Israel and Palestine Issues Essay
Israel and Palestine Issues
The issues between Palestine and Israel originate in the late 19th and early 20th centuries. The list could drag on and on about what exactly they are fighting about but most of their issues are somehow related to land and property. To this day they can’t come to an agreement on who owns Jerusalem. That has been a touchy subject for ages. Israel is also worried about their settlements they have created since the Six Day War and what will happen to them if and when a peace treaty is defined. One cause of Palestine’s’ fury has to do with the refugees which occurred from the Israeli War of Independence in 1948.
In brief, these two countries’ conflict is long ago rooted and still there hasn’t been a resolution for the troubles they are having. First off Israel and Palestine have been unable to decide who gets to claim Jerusalem as their own. Both countries title Jerusalem as their Holy place of worship. Israeli’s are for the most part Jewish and Palestinian’s are Muslim; Jewish book of holies is the Tenach and Muslim book of holies is the Koran. In the Tenach Jerusalem is mentioned over 700 times whereas in the Koran it wasn’t mentioned once. We can trace back Jerusalem as being the capital of Israel 2,000 years before Islam/Palestine was created.
There is no record of Palestine ever having control or right, if you will, over Jerusalem. Israeli’s and Palestinians are concerned about their religious holy places under the governing of the other country. On occasion, Palestine has not allowed Jews to visit the Western Wall, and Jewish cemeteries have been abused or violated. Israel on the other hand, has seldom blocked sacred sights of another religion. Jerusalem has been a long disputed piece of land between these two groups of people and it probably won’t get any better. Next in order, during the Six Day War Jewish communities were captured by Israel from Jordan.
Since then Israel has set up more than 130 settlements. The majority of Jews live in 8 of the largest settlements, which Israel would like to free and make theirs in a peace treaty agreement with the Palestinians. Most of the large ones border Israel and the West Bank, excluding a few which dwell deep inside Palestinian territory. Building and remodeling of the settlements has been an ongoing project since 1967. In 1997 they had formed 31 settlements with 4,400 people; in 1992 they had a total of 120 settlements with a total of 100,000 people; and in 2009 the opulation had grown to more than 306,000 people.

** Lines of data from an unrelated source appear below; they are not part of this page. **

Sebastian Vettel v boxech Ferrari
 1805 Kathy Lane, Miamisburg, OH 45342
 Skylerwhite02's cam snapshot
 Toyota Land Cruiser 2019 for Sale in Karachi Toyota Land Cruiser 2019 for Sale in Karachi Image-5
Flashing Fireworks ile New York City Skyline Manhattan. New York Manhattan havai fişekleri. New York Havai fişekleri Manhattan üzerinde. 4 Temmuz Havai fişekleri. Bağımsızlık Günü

This arguing about the settlements is one cause to the stalling of the peace process between these two countries. The Palestinians are being inconvenienced because the settlements redirect the resources needed by their towns. They also stunt the traveling of Palestinians because the security challenges them if they pass through the local roadways. Third of all, Palestinian Refugees haven’t been allowed to return to their families and homeland after the 1948 Israeli War of Independence.
The estimated number of Israeli’s who either fled or were thrown out of their country tolled about 711,000 in 1949. In 2010 a survey was taken and they found out that there were more than 4. 7 million descendants of the original refugees. One third of them live in camps in Jordan, Lebanon, Syria, the West Bank, and the Gaza Strip, the rest live in towns and cities near the refugee camps. Palestine is urging the right of the refugees to return to the places they lived before the war but new Israeli law only allows Jews to gain citizenship.

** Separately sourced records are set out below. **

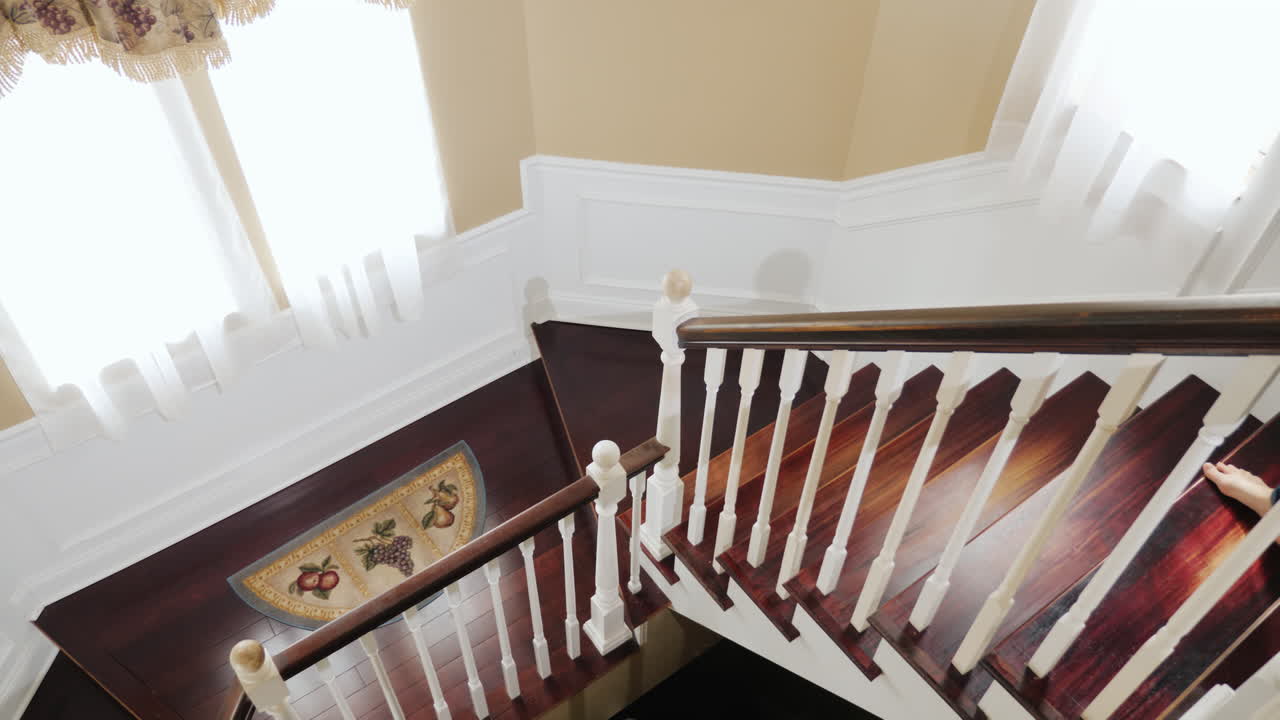 젊은 다민족 부부는 계단 위로 상자를 들고 06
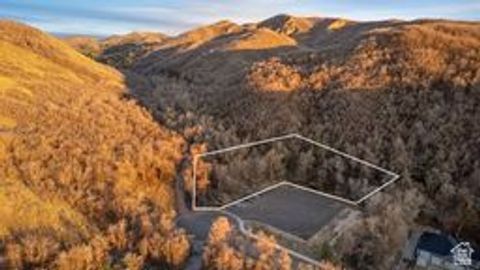 Tiny photo for Bountiful, UT 84010 (MLS # 2144478)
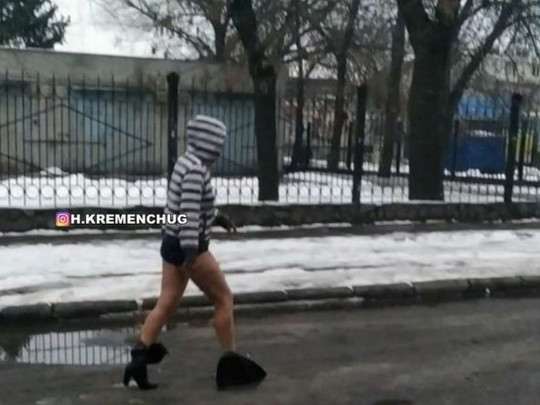 голая на улице в Кременчуге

Therefore Palestinians cannot apply because obviously they are Muslim. Israeli’s ponder the possibility of letting the refugees return in the form of a family reunion and allowing a vague number of further refugees to settle as well. This resolution involves the U. S. to help aid the refugees with money and services until they are able to provide for themselves and get back on their feet in the new setting. Israel and Palestine still haven’t resolved this issue because they are more concerned with bigger issues.
In summary, Palestine and Israel have many unresolved issues that may or may not ever be dealt with. Both countries have their own beliefs and practices which more than likely won’t be able to coincide and cooperate long enough to make agreements and choices that benefit both sides and make everyone happy. Clearly if they don’t start making compromises and giving up a little to get what they want no one that lives there will ever be happy because the problems will just be sitting there getting bigger and bigger, eventually turning into another war.